J'avais pour ambition d’inventer une énigme criminelle que personne ne pourrait résoudre.

Mais un artiste, je le constate aujourd’hui, ne saurait se satisfaire de l’art en soi. On ne peut nier chez lui le besoin légitime d’être reconnu.

J’éprouve le désir pitoyablement humain – je l’avoue en toute humilité – de faire savoir à autrui à quel point j’ai été ingénieux…

Depuis le début, je suis parti du principe que le mystère de l’île du Nègre resterait insoluble. Mais, bien entendu, il se peut que la police se montre plus astucieuse que je ne le pense. Après tout, elle dispose de trois indices. Primo, elle sait parfaitement qu’Edward Seton était coupable. Par conséquent, elle sait que l’un des dix occupants de l’île n’était en aucune manière un assassin ; paradoxalement, il s’ensuit que c’est celui-là – en toute logique – qui doit être le meurtrier. Le second indice se trouve dans le septième couplet de la comptine. La mort d’Armstrong est associée à un « poisson d’avril » qui l’a gobé – ou, plus exactement, qu’il a gobé, lui. Autrement dit, à ce stade de l’affaire, il est clairement indiqué qu’il y a mystification… qu’Armstrong a trouvé la mort en s’y laissant prendre. Voilà qui pourrait orienter l’enquête dans une direction prometteuse. Car il ne restait plus alors que quatre personnes sur l’île et, de ces quatre personnes, j’étais de toute évidence la seule susceptible d’inspirer confiance au médecin.

Le troisième indice est d’ordre symbolique : la marque que la mort aura laissée sur mon front. Le signe de Caïn.
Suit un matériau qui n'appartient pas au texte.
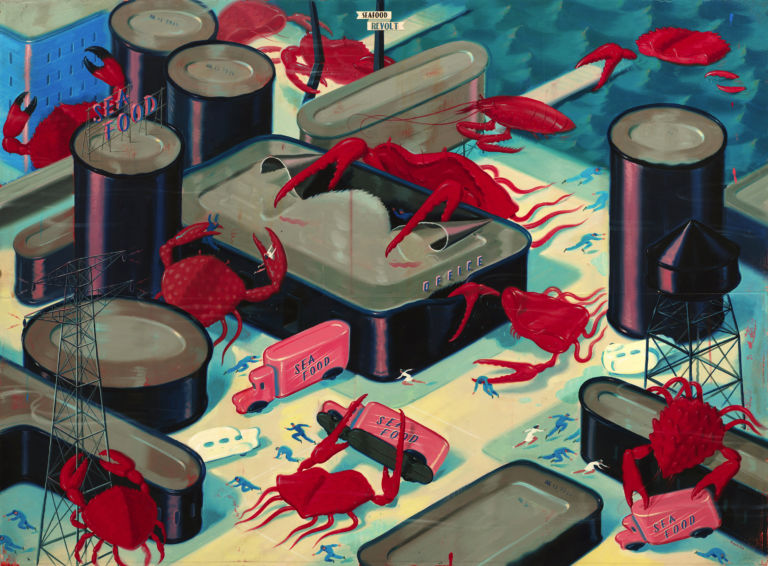 R.Heshka Seafood Revolt 2012 acrilico e tecnica mista su tavola 66 x 90 cm Incubi un po’ pop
Il ne me reste plus grand-chose à ajouter.

Après avoir confié à la mer ma bouteille et son message, je monterai dans ma chambre et je m’allongerai sur le lit. À mon lorgnon est fixé ce qui a tout l’air d’un long cordon noir… – en réalité, c’est un élastique. De tout mon poids, je pèserai sur le lorgnon. Quant au cordon, je le passerai autour de la poignée de la porte et, à son extrémité, j’attacherai – pas trop solidement – le revolver. Selon moi, voici ce qui se passera.

Ma main, protégée par un mouchoir, pressera sur la détente puis retombera à mon côté. Le revolver, tiré par l’élastique, ira heurter la poignée de la porte ; sous le choc, il se détachera du cordon et tombera sur le seuil. L’élastique coulissera autour de la poignée et, libéré, reviendra alors pendre innocemment au lorgnon sur lequel mon corps repose. Le mouchoir ? Bah ! la présence d’un mouchoir sur le parquet, à portée de ma main, ne devrait pas susciter de commentaire.

On me retrouvera allongé sur mon lit, tué d’une balle dans le front, conformément aux notes laissées par mes compagnons d’infortune. D’ici que l’on procède à l’autopsie de nos cadavres, il sera impossible de déterminer avec exactitude l’heure de notre mort.

Quand la mer se calmera, des hommes viendront de la côte avec leurs bateaux.

Dix cadavres et un problème insoluble, voilà ce qu’ils trouveront sur l’île du Nègre.